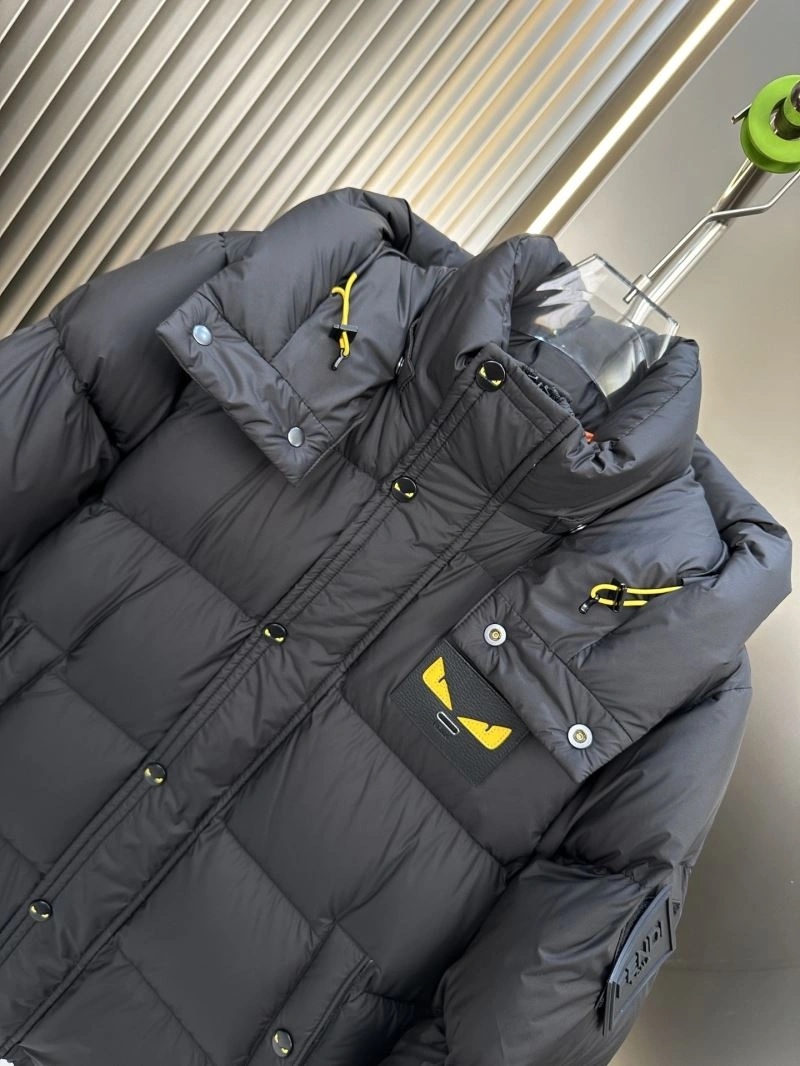 Fendi Down Jackets WellDesigned 123418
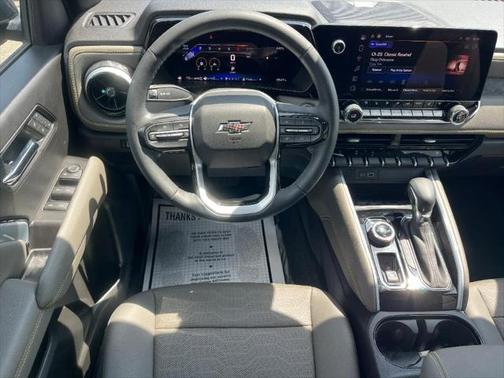 2023 Chevrolet Colorado ZR2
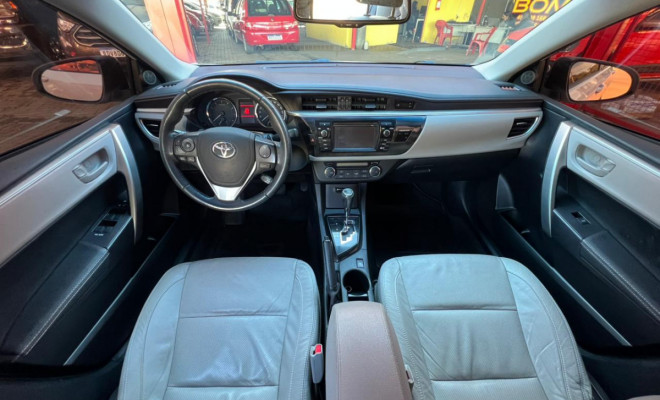 Toyota Corolla XEi 2.0 Flex 16V Aut. 2015 Flex-7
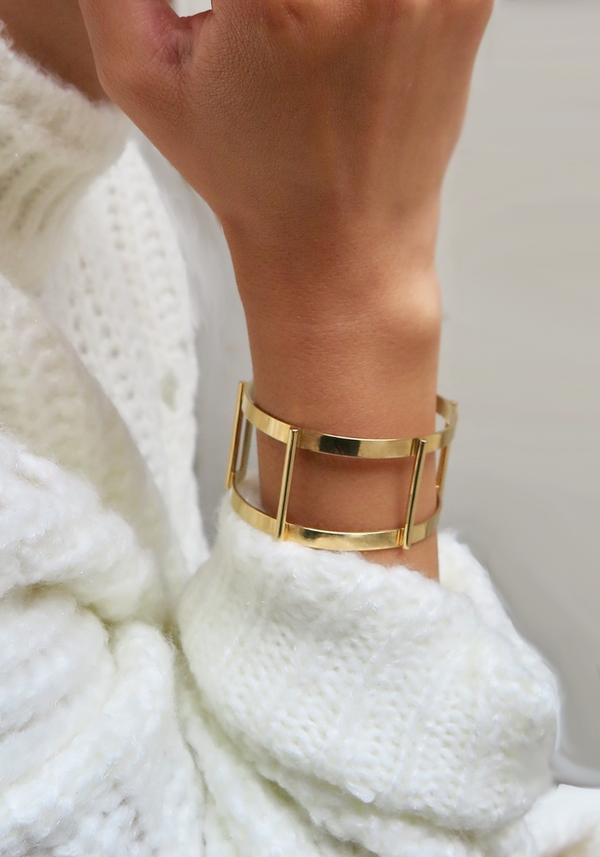Yellow Gold Light Bracelet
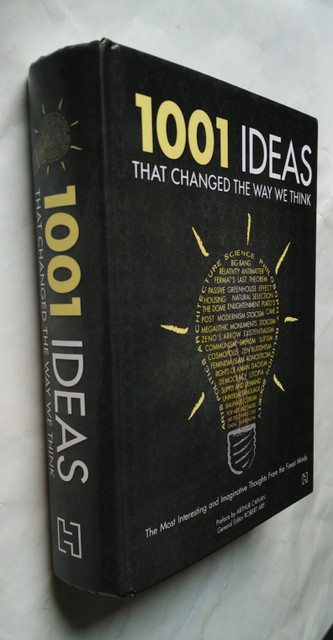 1001 Ideas That Changed The Way We Think: Buy 1001 Ideas That Changed ...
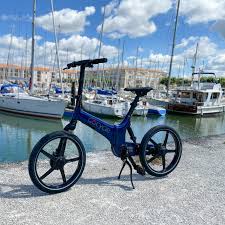 Le nouveau Gocycle GX, super épuré et... - Cyclable Rochefort | Facebook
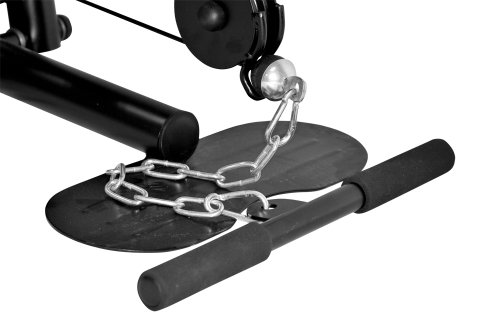 Christopeit Profi Center de Luxe Fitness-Station, schwarz, 99881 - 7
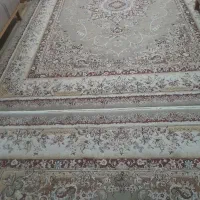 دو عدد فرش نه متری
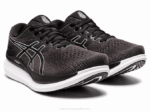 Asics Paseo en Planeador 3 Zapatillas Blancas y Negras - Image 2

### Instructions for the task
Take the entries shown above and quote them verbatim, passing over the pictures.

### Solved problem
 Fendi Down Jackets WellDesigned 123418
 2023 Chevrolet Colorado ZR2
 Toyota Corolla XEi 2.0 Flex 16V Aut. 2015 Flex-7
Yellow Gold Light Bracelet
 1001 Ideas That Changed The Way We Think: Buy 1001 Ideas That Changed ...
 Le nouveau Gocycle GX, super épuré et... - Cyclable Rochefort | Facebook
 Christopeit Profi Center de Luxe Fitness-Station, schwarz, 99881 - 7
 دو عدد فرش نه متری
 Asics Paseo en Planeador 3 Zapatillas Blancas y Negras - Image 2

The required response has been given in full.